**Data shown:**
········
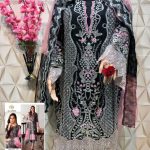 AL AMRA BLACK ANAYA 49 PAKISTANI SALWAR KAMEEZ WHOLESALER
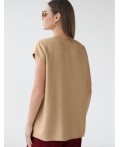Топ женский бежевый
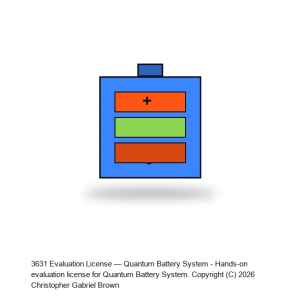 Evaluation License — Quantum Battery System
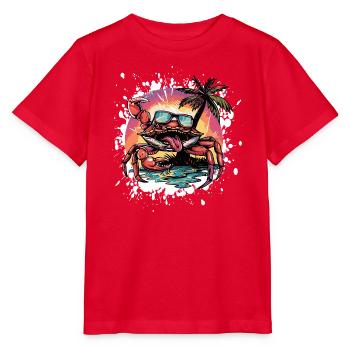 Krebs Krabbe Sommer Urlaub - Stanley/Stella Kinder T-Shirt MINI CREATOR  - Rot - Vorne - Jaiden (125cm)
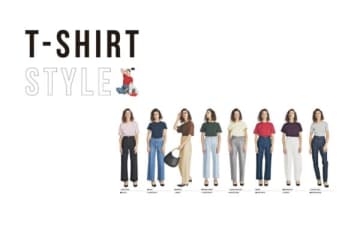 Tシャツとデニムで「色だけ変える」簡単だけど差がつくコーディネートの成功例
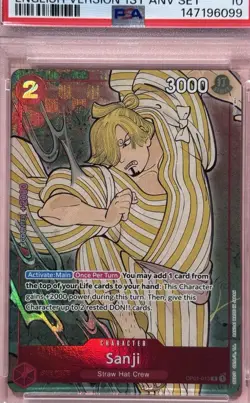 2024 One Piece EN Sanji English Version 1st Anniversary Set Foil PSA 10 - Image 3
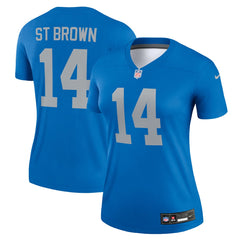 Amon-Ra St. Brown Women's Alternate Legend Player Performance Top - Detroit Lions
········
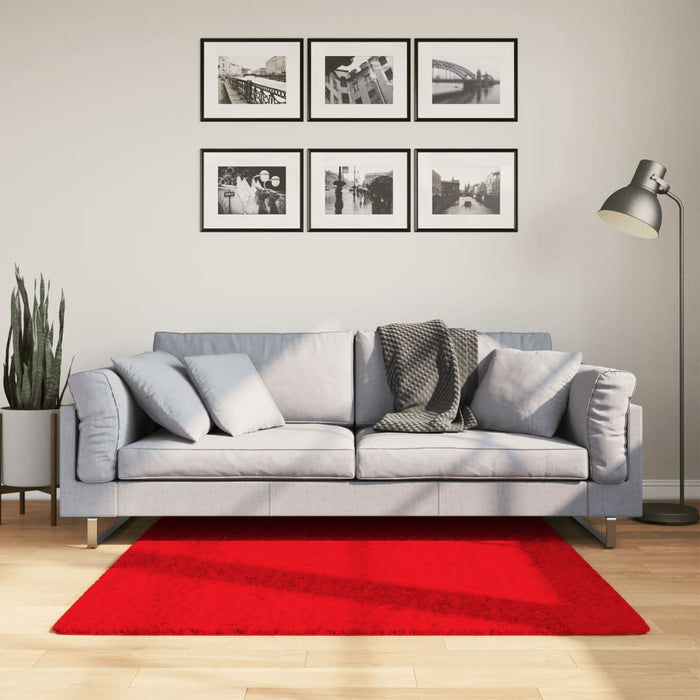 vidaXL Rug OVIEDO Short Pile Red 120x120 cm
········
**What you are asked to do:** Keep to the stretch from the line containing "Evaluation License — Quantum Battery System" through the line containing "Amon-Ra St. Brown", both ends included, and copy it exactly from the listing above, minus the pictures.

**Task solution:**
 Evaluation License — Quantum Battery System
 Krebs Krabbe Sommer Urlaub - Stanley/Stella Kinder T-Shirt MINI CREATOR  - Rot - Vorne - Jaiden (125cm)
 Tシャツとデニムで「色だけ変える」簡単だけど差がつくコーディネートの成功例
 2024 One Piece EN Sanji English Version 1st Anniversary Set Foil PSA 10 - Image 3
 Amon-Ra St. Brown Women's Alternate Legend Player Performance Top - Detroit Lions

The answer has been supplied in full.